Friday, February 11, 2011

Ten health myths busted...

If you are reading this, chances are that you are definitely not under a stone cave. But despite your flashy degree, 21st century mental prowess and all the health information you have access to, the last decade has seen the buildup of some resistant health myths buried deep in your minds that simply refuse to go away! We’ve picked some of the choicest and busted them for you.

Myth: Cholesterol is always bad
Busted: There’s no need now to panic the moment your doctor mentions the word cholesterol. Cholesterol is a collective term for the two types of cholesterol, HDL (highdensity lipoprotein) and LDL (low-density lipoprotein). HDL is the good cholesterol and LDL, its bad counterpart. Certain foods like nuts, fish etc that contain polyunsaturated fatty acids (PUFAs) and monounsaturated fatty acids (MUFAs) can actually lower the LDL and increase the HDL content in your body. Healthy levels of cholesterol are essential for the normal function of your cells and membranes.

Myth: A flu that affects men will be tougher and more resilient compared to flu in women since it must have been a strong virus to have infected them in the first place (men are tougher!)
Busted: There is no difference in a flu affecting a man from that of flu in women. A survey conducted by Benenden Healthcare concluded that 2.5 million British men took time off work for a cold as opposed to only 1.5 million women who did the same. This was found to be only because women were more casual about their flu and considered it easier to get over with than their male counterparts who took their flu as a complicated new strain of virus.

Myth: A PSA of 4 or more means prostate cancer
Busted: Many think elevated PSA (prostatespecific antigen) indicate definitive prostate cancer but that isn’t true. Newer tests like complexed PSA (cPSA) and percentage free PSA other than a biopsy can be employed to find out if the elevated PSA is due to cancer or a benign condition. According to William Catalona, MD, a professor of Urology at Washington university at St Louis, “Any trauma or inflammation can cause PSA to leak into the surrounding tissue [of the prostate], where it is picked up in the bloodstream.” That literally means, anything from a throat infection to a bumpy bike ride can cause temporary peaks in PSA levels.

Myth: Viagra will cure erectile dysfuntion for all men
Busted: Although Viagra (Sildenafil citrate) has helped millions of men spice up their life in the bedroom, there is a select 20 per cent of men in whom it does not work. This is because Viagra cannot guarantee results for all the causes of erectile dysfunction. For example, erectile dysfunction due to a psychological cause has to be treated differently.

Myth: Men with bigger feet are better endowed
Busted: For a long time now the correlation between hands, feet, height, and for that matter even the nose have been rife, but none of this is based on any fact.
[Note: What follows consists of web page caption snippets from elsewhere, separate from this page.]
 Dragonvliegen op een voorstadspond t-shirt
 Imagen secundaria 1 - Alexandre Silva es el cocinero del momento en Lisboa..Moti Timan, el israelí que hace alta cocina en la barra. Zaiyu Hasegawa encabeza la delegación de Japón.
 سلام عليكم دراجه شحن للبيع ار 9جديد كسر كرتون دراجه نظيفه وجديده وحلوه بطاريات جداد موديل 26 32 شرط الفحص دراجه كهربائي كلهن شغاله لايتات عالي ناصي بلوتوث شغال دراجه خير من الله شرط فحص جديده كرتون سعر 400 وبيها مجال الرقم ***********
A study published in the British Journal of Urology International in 2002 found out that there is no

Myth: Wearing hats can cause balding
Busted: This myth was born long ago in the West where men who joined the military were expected to wear hats, after which their hair started thinning. In actuality, it was because men who entered the military were at an age where androgenic alopecia (male pattern baldness) set in. There is no scientific evidence to prove the link between balding and hats whatsoever. It, however, does not mean you should start wearing caps all the time since it is nice to give your hair some ‘breathing’ space.

Myth: Cracking your knuckles can cause arthritis
Busted: When you crack your knuckles, the gasses in your joint fluid (synovial fluid) are released under pressure, which creates the pop sound. Recent studies have concluded that cracking knuckles has no link to chances of developing osteoarthritis. So crack your knuckles, even drum your fingers on the table to pass time. None of it will give you arthritis. However excessive habitual cracking has been linked to tendon and ligament injury and reduced grip strength over a period of time.
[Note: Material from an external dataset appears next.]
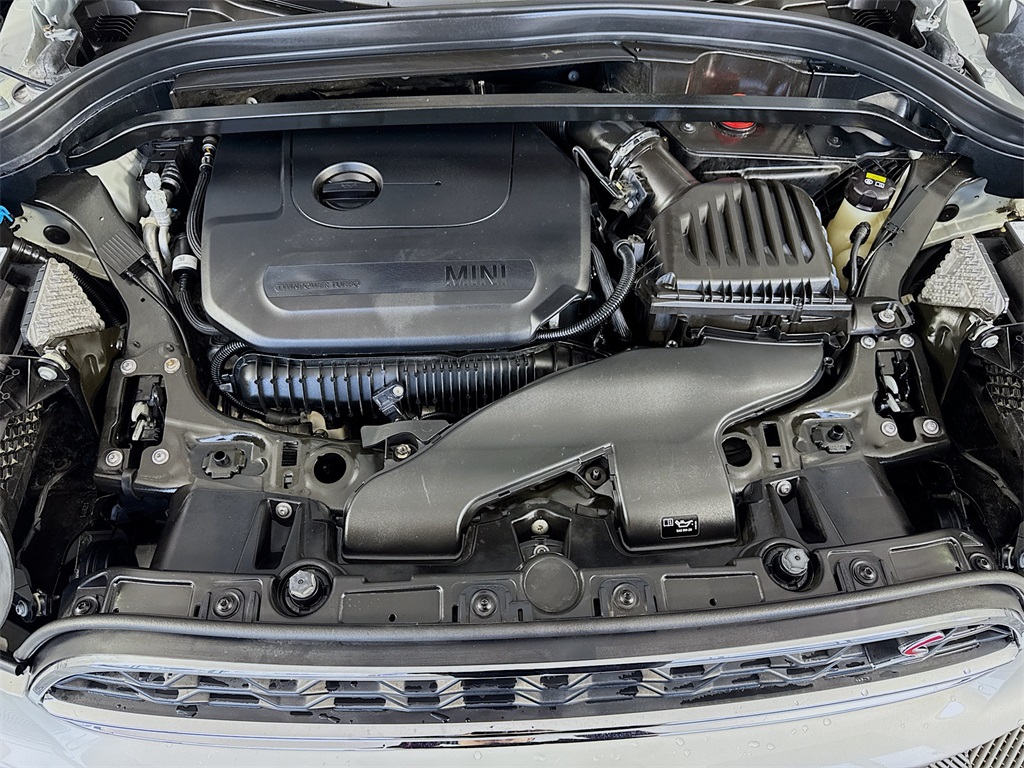 2022 Mini Cooper S ALL4 photo 32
Myth: Only women get breast cancer
Busted: Even though it is true that more women than men suffer from breast cancer – breast cancer can affect men too. In the United States alone 1,500 new cases are diagnosed every year out of which 400 cases end up in death. According to Men’s Health magazine, men are more likely to not understand the three main risk factors – obesity, family history and age (more than 60 years).
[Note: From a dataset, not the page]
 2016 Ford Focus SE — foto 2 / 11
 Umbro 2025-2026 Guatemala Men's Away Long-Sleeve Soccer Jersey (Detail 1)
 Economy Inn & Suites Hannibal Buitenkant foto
Myth: Men think about sex every 7 seconds
Busted: Do you really? We don’t think so. Here’s why: Dr Aaron Carroll of Indiana University and the co-author of the book Don’t Swallow your Gum!: Myths, Half Truths and Outright Lies about your body and health says that the sevensecond figure seems to be the approximate time we take between breaths. So it naturally seems preposterous to believe that men think about sex in every breath. A survey conducted in the US in 1994 on sexual behaviour by Edward Laumann and colleagues concluded that 43 per cent of men reported thinking about sex not even once a day. A bit extreme, we think.

Myth: Shaving can result in thicker hair growth
Busted: Shaving off hair, be it from the scalp or face, temporarily makes the new hair growth seem thicker and darker. Thicker, since the tapering tip of the hair is cut and the cross section of the emerging hair shaft looks larger in diameter and darker because the sun may not have got a chance to have bleached it yet. (Yes, sunrays can reduce the pigmentation of your hair to a small degree).